Pointing out the good side of regulation — how it protects small people (despite the concern trolling that always happens about how it’s the little guy screwed) is another.

And a third thing I rarely hear liberals discuss is, you know, actually repealing bad regulation and lightening the regulatory burden were appropriate. We should be looking for those opportunities.

Look no further.  I have just the opportunity she’s looking for: loan buybacks as they apply to the government sponsored entities (“GSEs”), specifically Fannie Mae and Freddie Mac. Some background is in order.

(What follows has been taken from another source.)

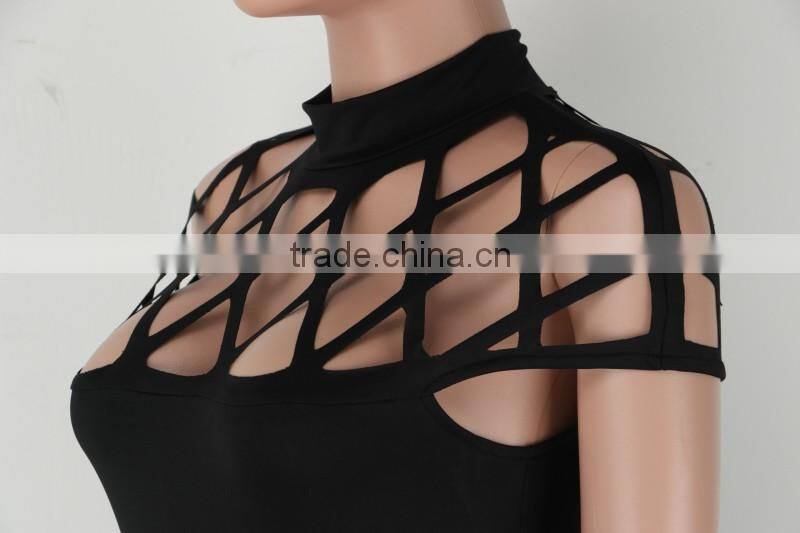 Bonvatt Europe and the United States sexy flower grid package hip skirt bandage skirt night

Subject to specific underwriting guidelines, GSEs source their mortgages by buying them from banks.  Given the sheer volume of loans that the GSEs buy, it is functionally impossible and very cost prohibitive for the GSEs to conduct loan level due diligence on each and every loan that it buys prior to purchase.  In lieu of due diligence, since the GSEs want to protect their downside risk against banks selling bad loans, the GSEs require lenders to provide representations and warranties with respect to the quality of those loans.

A loan buyback is the remedy that the GSEs have as recourse against banks that sell loans to the GSEs that are later to not be as they were represented for whatever reason (defaults, fraud, etc.).  In these instances, the GSEs have the right to demand that the banks repurchase bad loans at full value, and the banks must comply.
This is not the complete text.